Sexual Harassment On The Job: What To Do When You Witness It

If you see an employer sexually harass one of your co-workers on a daily basis, you may wonder if there's anything you can do about it, especially if the employer threatens to fire you if you report the harassment to the company's higher-ups. Although the person being harassed should report the abuse themselves, they may fear the outcome if they do, such as losing their job or facing ostracism. You can help your fearful co-worker by contacting a sexual harassment lawyer yourself. When you do speak to the attorney on your friend's behalf, be sure to have the following information available. 

Dates and Details of the Harassment

Reporting sexual harassment may be a difficult and disheartening task, especially if you're not the one being harassed. But if you don't speak up and report it, the harassment may affect other people at your job, because the perpetrator may harass you or someone else on job later. Although it doesn't happen in every case, a number of abusers have past histories of sexually harassing other people.

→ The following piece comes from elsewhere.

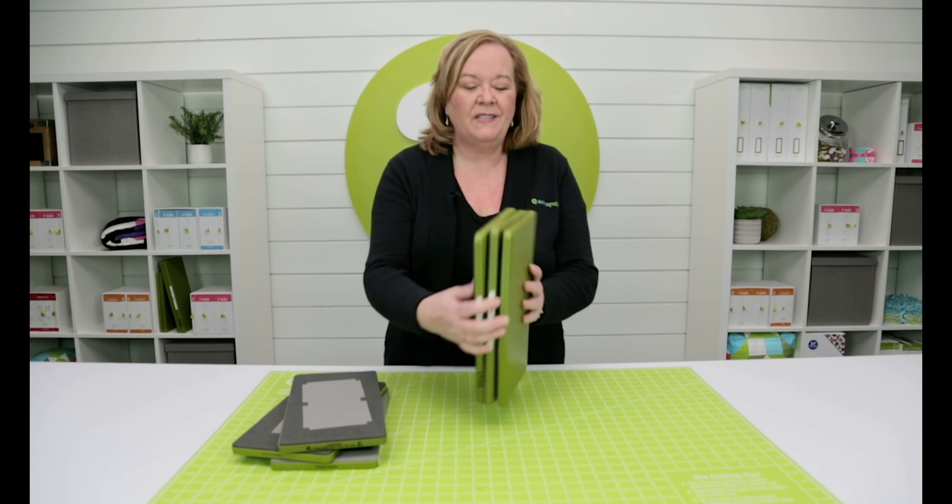Hi quilters, it's Pam from AccuQuilt. Is this how your dies look in your sewing room? Let me give you a quick tip on how to store your dies.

One of the things you can do to help your co-worker is record the dates and times you witness the harassment. Always keep a small writing tablet in your pocket and workable ink pen to record the incidences you witness. Be sure to jot down as much of the conversation and responses between the boss and co-worker as you can while everything's fresh in your mind.

However, to protect yourself from any immediate problems the employer may cause for you, never let the employer witness you taking notes. It's a good idea that you go to a busy location, such as a breakroom or cafeteria to compose your notes.

Names of Other Witnesses of the Harassment

Sometimes, other co-workers may witness the harassment and not say anything about it to you. The co-workers may be victims of the employer's unwelcome advances and threats as well. The next best thing you can do is speak to the employees about the harassment away from work, such as at a local bar or park.

The employees may feel more comfortable about speaking up if they know someone else is there to back them up. A number of employees don't speak up about sexually harassment, because they don't think anyone will believe them about the harassment or put an end to it if they do report it. 

Once you complete your notes, contact a sexual harassment attorney to see if they can help your co-worker. One of things you should understand is that the attorney can't take your co-worker's case unless they agree to hire the attorney themselves. The attorney will most likely contact the co-worker in private to see if they're willing to come into the office and discuss the accusations of sexual harassment in person. Your willingness to help may empower the co-worker to move forward with a case.